Our primary market risk exposure is in the price we receive for our natural gas, NGLs, and oil production. Pricing is primarily driven by spot regional market prices applicable to our U.S. natural gas production and the prevailing worldwide price for oil. Pricing for natural gas, NGLs, and oil has, historically, been volatile and unpredictable, and we expect this volatility to continue in the future. The prices we receive for our production depend on many factors outside of our control, including volatility in the differences between commodity prices at sales points and the applicable index price.

To mitigate some of the potential negative impact on our cash flows caused by changes in commodity prices, we enter into financial derivative instruments for a portion of our natural gas, NGLs, and oil production when management believes that favorable future prices can be secured.

Our financial hedging activities are intended to support natural gas, NGLs, and oil prices at targeted levels and to manage our exposure to natural gas, NGLs, and oil price fluctuations. These contracts may include commodity price swaps whereby we will receive a fixed price and pay a variable market price to the contract counterparty, collars that set a floor and ceiling price for the hedged production, or basis differential swaps. These contracts are financial instruments, and do not require or allow for physical delivery of the hedged commodity. At March 31, 2020, our commodity derivatives included fixed price swaps and basis differential swaps at index-based pricing.

At March 31, 2020, we had in place natural gas swaps covering portions of our projected production through 2024. Our commodity hedge position as of March 31, 2020 is summarized in Note 11 to our unaudited condensed consolidated financial statements included elsewhere in this Quarterly Report on Form 10-Q. Under the Credit Facility, we are permitted to hedge up to 75% of our projected production for the next 60 months. We may enter into hedge contracts with a term greater than 60 months, and for no longer than 72 months, for up to 65% of our estimated production. Based on our production and our fixed price swap contracts that settled during the three months ended March 31, 2020, our revenues would have decreased by approximately $12 million for each $0.10 decrease per MMBtu in natural gas prices and $1.00 decrease per Bbl in oil and NGLs prices, excluding the effects of changes in the fair value of our derivative positions which remain open at March 31, 2020.

All derivative instruments, other than those that meet the normal purchase and normal sale scope exception, are recorded at fair market value in accordance with GAAP and are included in our consolidated balance sheets as assets or liabilities. The fair values of our derivative instruments are adjusted for non-performance risk.
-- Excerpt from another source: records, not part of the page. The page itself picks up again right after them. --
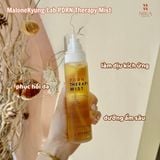 Xịt Khoáng Kyung Lab Pdrn Therapy Mist 150Ml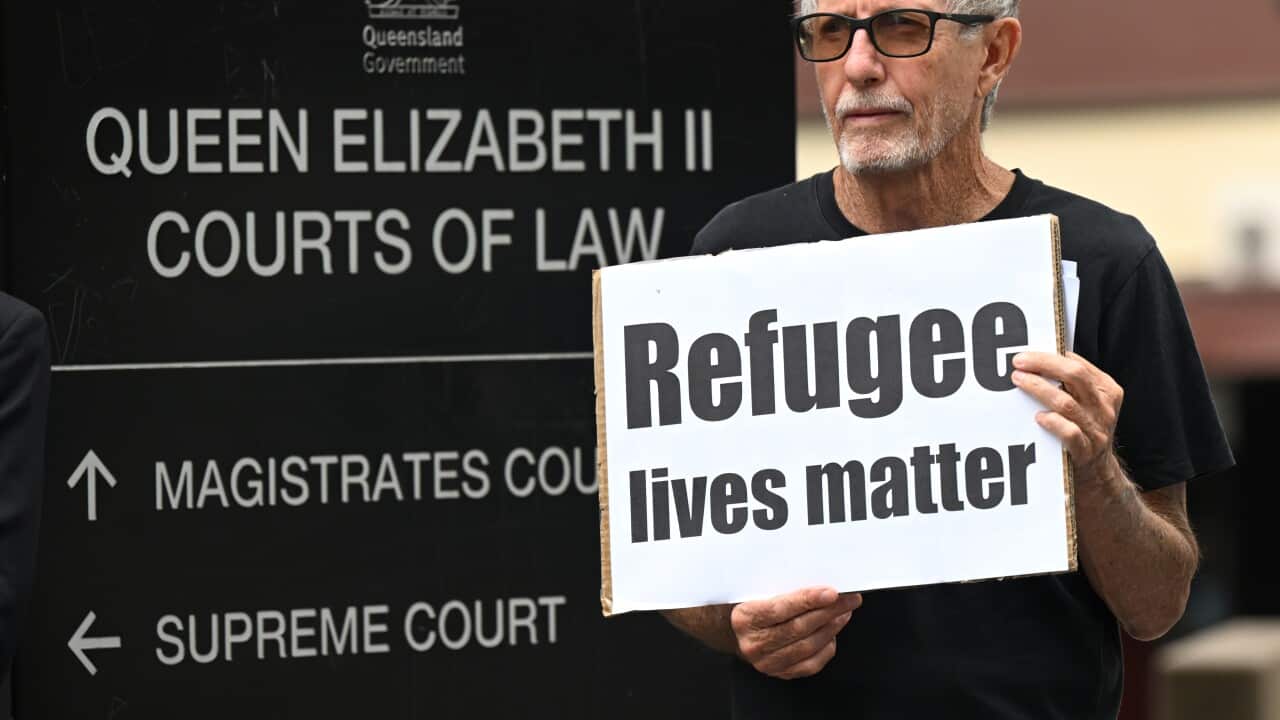 FAYSAL ISHAK AHMED INQUEST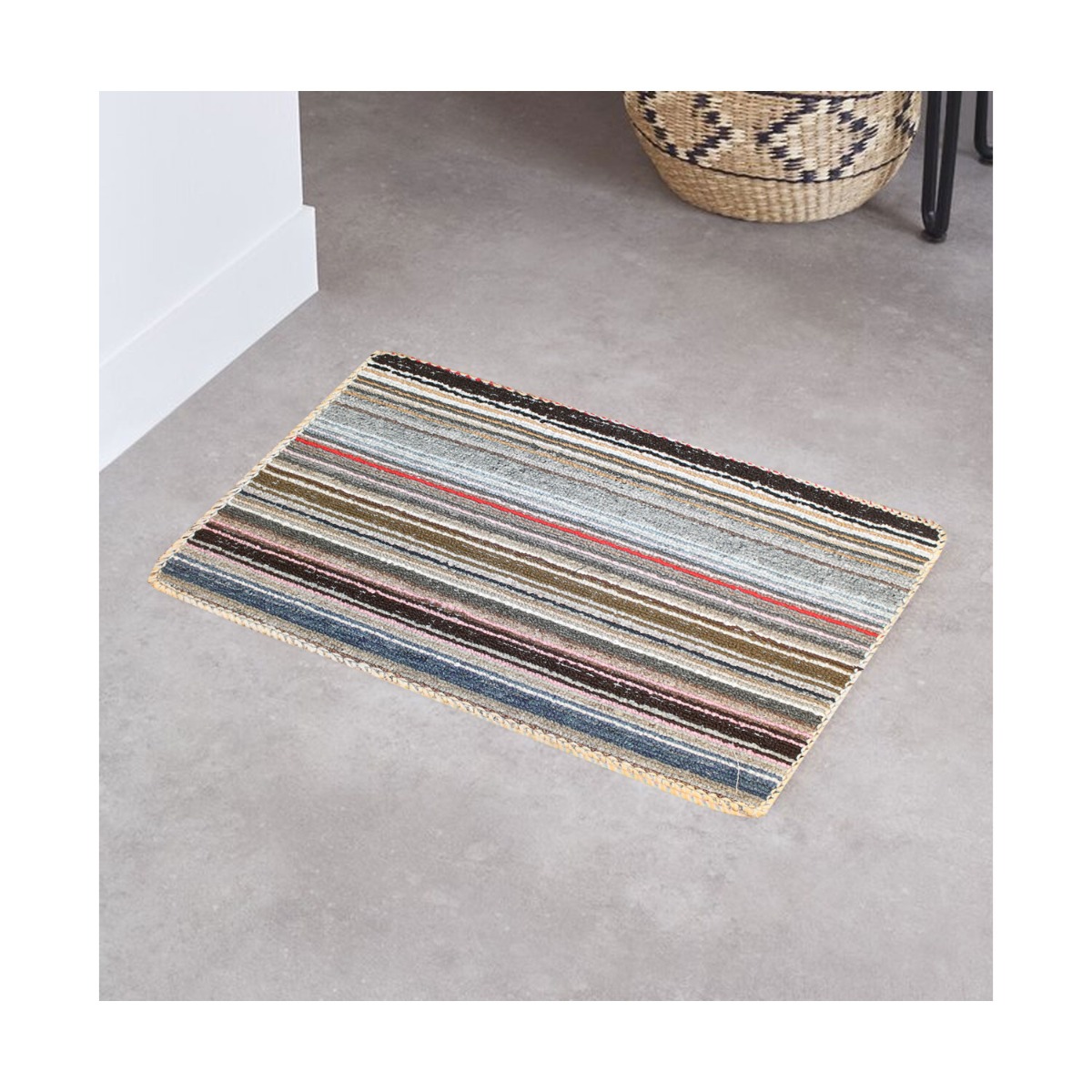 ΠΑΤΑΚΙ 55x35cm ΣΧΕΔΙΟ 7803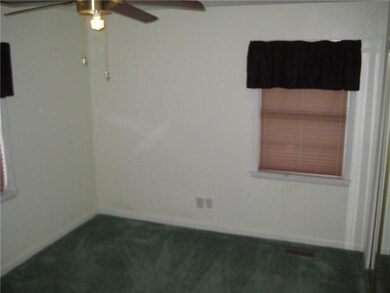 1209 NW 3rd St, Bentonville, AR 72712 - photo 7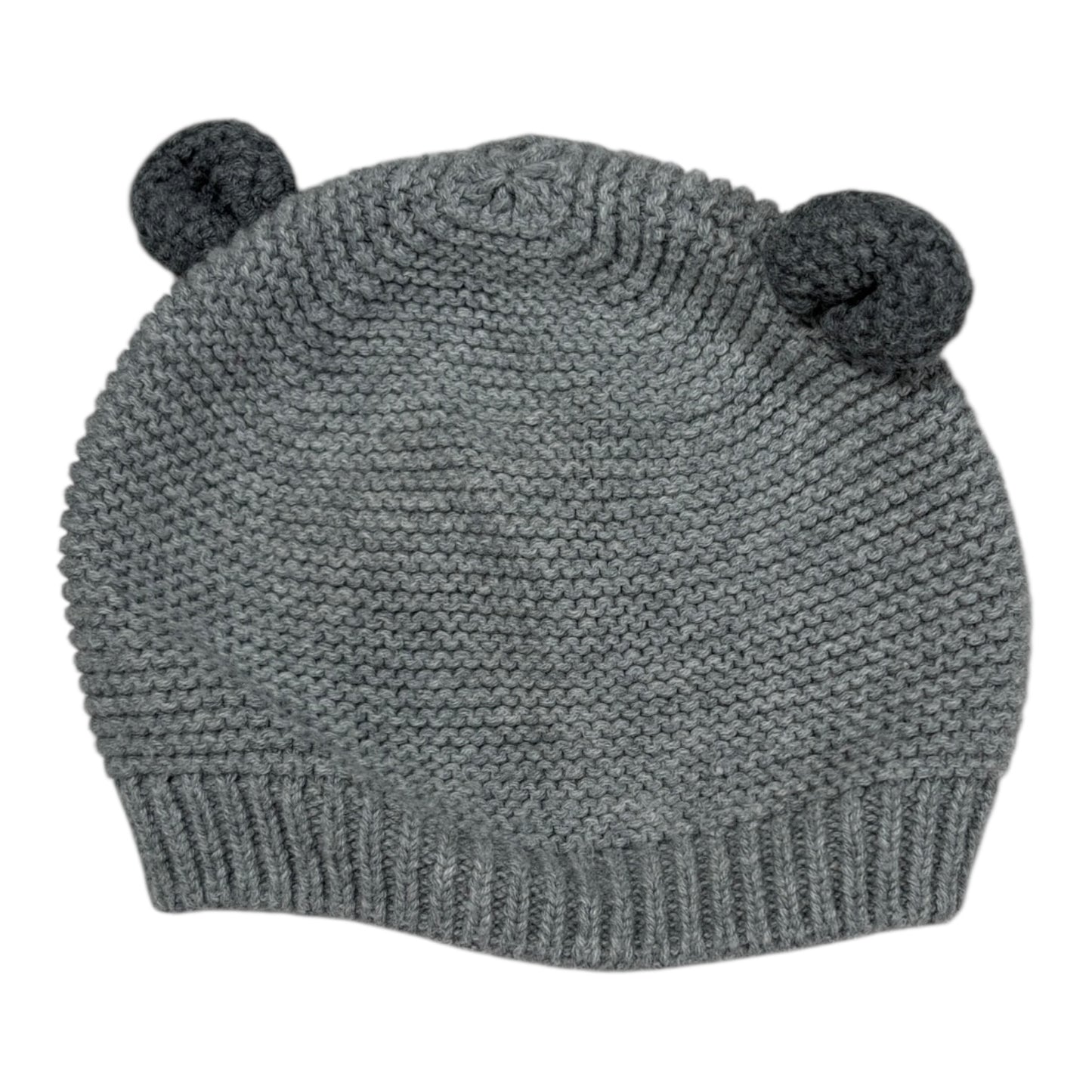 Tuque - 0-3 mois - Inconnu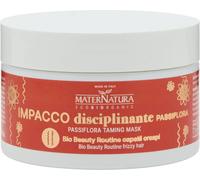 Maternatura Passiflora Domar el cabello Mask 200mL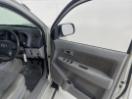 Thumbnail '15' of Toyota Hilux Thumbnail '15' of Toyota Hilux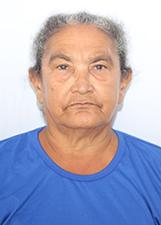 Foto de MARIA IZALENE PEREIRA SOUSA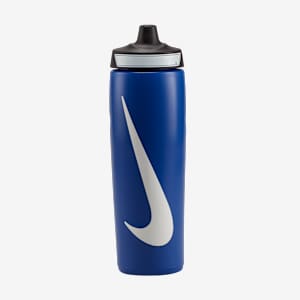 Nike Refuel Water Bottle (24 oz)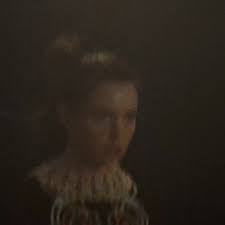 Our new song Here’s The Thing is out now. fontainesdc.x-l.co/heresthething 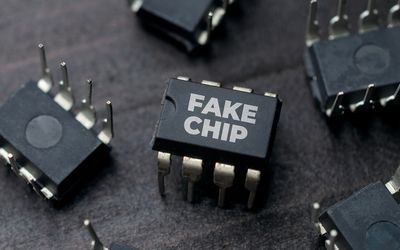 For Engineers, Counterfeit PCBA Parts Pose New Challenges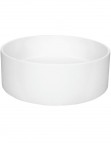 Deante Silia Granīta izlietne, Alabaster 3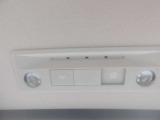 オールメーカー取り扱いしています。在庫にない車もご用意できます!お気軽にお問い合わせください!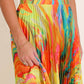 Alden Adair - Mcneil Maxi Skirt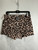 Used Paige Shorts 8-29 60142-S000053383 View 2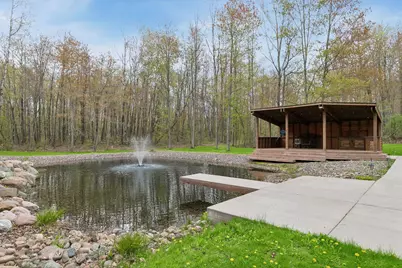 2137 195th Avenue, Centuria, WI 54824 - Photo 2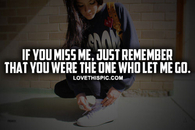 Your Fault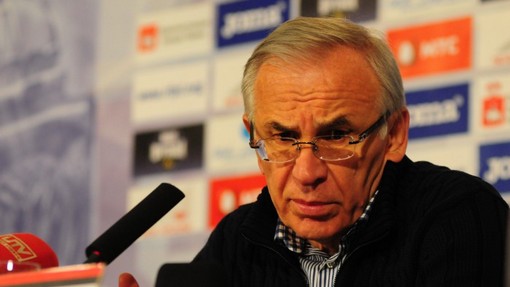 Гаджи Гаджиев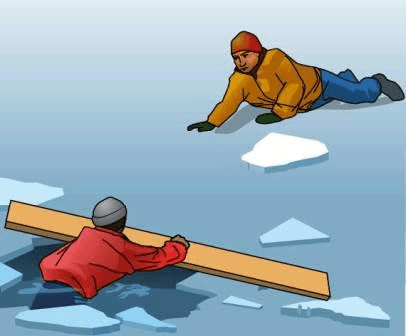 Задание рисунок 1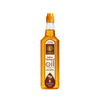 Lusha Cold-Pressed Mustard Oil – Pure, Authentic, and Heart-Healthy Cooking Oil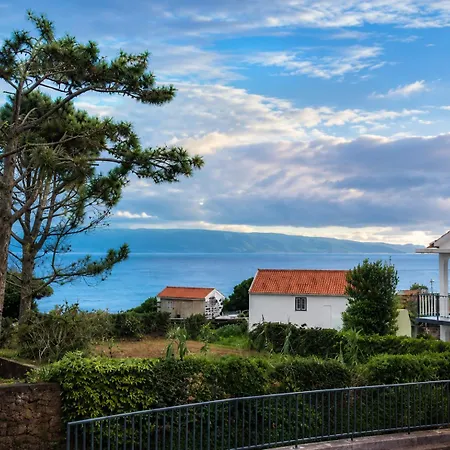 Fraga Ferienhaus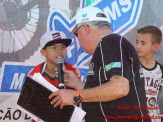 Etapa MOTOCROSS 2019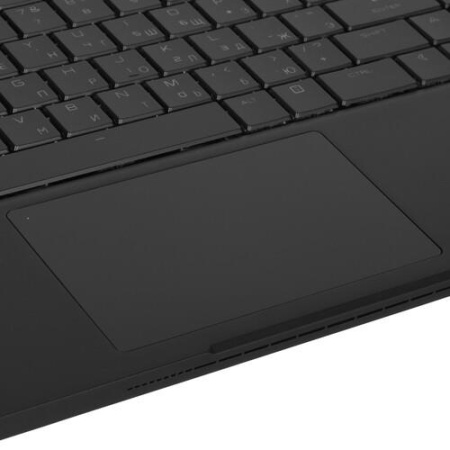 15.6" Ноутбук MAIBENBEN X568 черный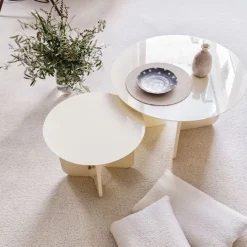 Table basse Be Good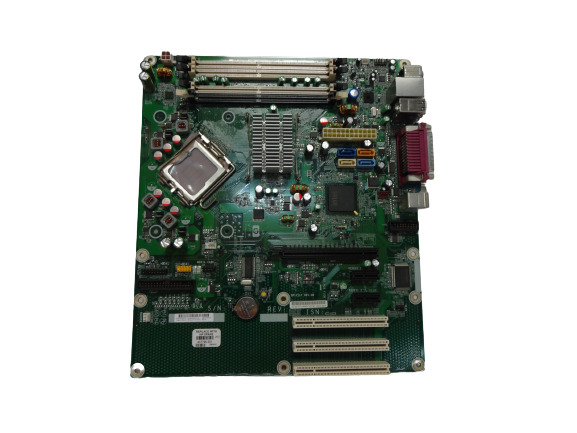 HP DC7800 CMT MOTHERBOARD 437795-001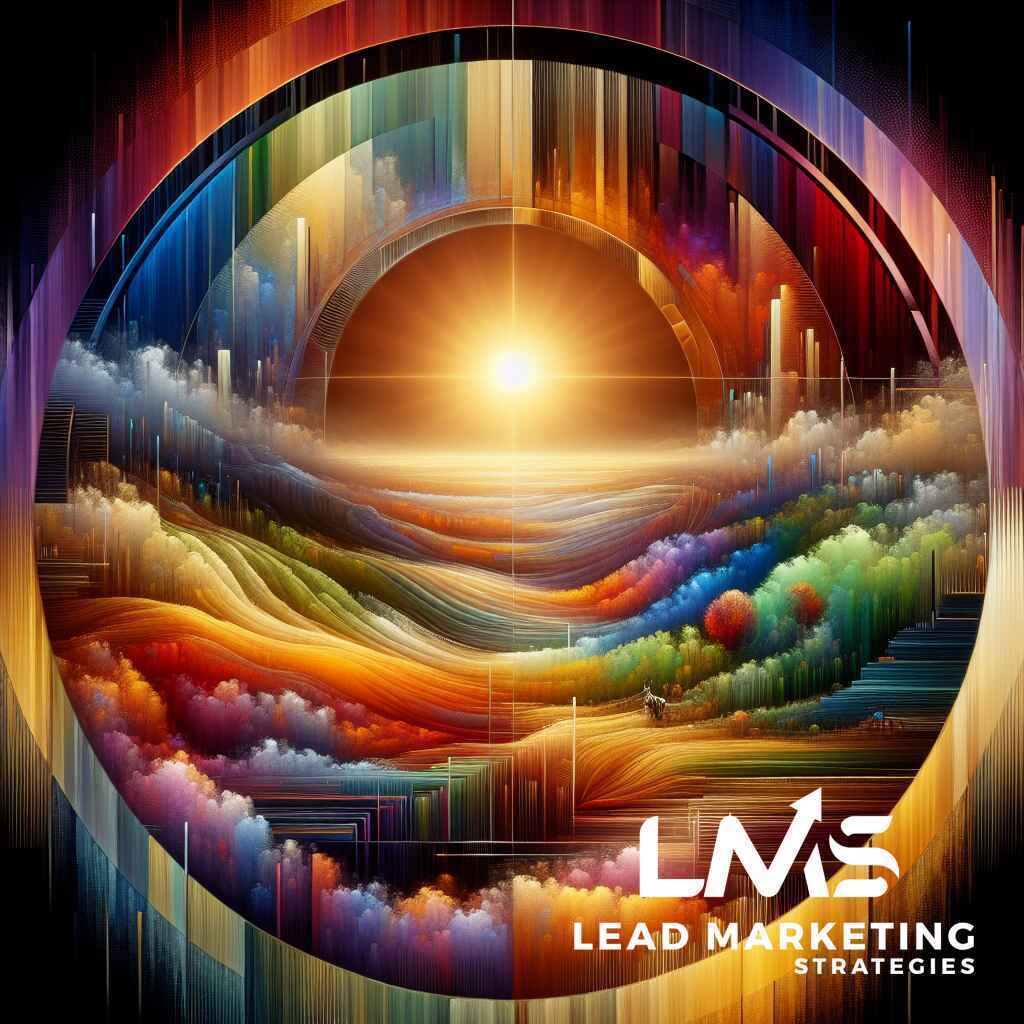 How to Create Impactful NFT Content in Texas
Because we do not designate these derivatives as accounting hedges, they do not receive hedge accounting treatment; therefore, all mark-to-market gains or losses, as well as cash receipts or payments on settled derivative instruments, are recognized in our statements of operations. We present total gains or losses on commodity derivatives (for both settled derivatives and derivative positions which remain open) within operating revenues as “Commodity derivative fair value gains (losses).”

Mark-to-market adjustments of derivative instruments cause earnings volatility but have no cash flow impact relative to changes in market prices until the derivative contracts are settled or monetized prior to settlement. We expect continued volatility in the fair value of our derivative instruments. Our cash flows are only impacted when the associated derivative contracts are settled or monetized by making or receiving payments to or from the counterparty. At March 31, 2020, the estimated fair value of our commodity derivative instruments was a net asset of $1.1 billion comprised of current assets and noncurrent assets and liabilities. At December 31, 2019, the estimated fair value of our commodity derivative instruments was a net asset of $746 million comprised of current and noncurrent assets and liabilities.

By removing price volatility from a portion of our expected production through December 2024, we have mitigated, but not eliminated, the potential negative effects of changing prices on our operating cash flows for those periods. While mitigating the negative effects of falling commodity prices, these derivative contracts also limit the benefits we would receive from increases in commodity prices above the fixed hedge prices.

Counterparty and Customer Credit Risk

Our principal exposures to credit risk are through receivables resulting from the following: commodity derivative contracts ($1.1 billion at March 31, 2020); and the sale of our natural gas, NGLs and oil production ($192 million at March 31, 2020), which we market to energy companies, end users, and refineries.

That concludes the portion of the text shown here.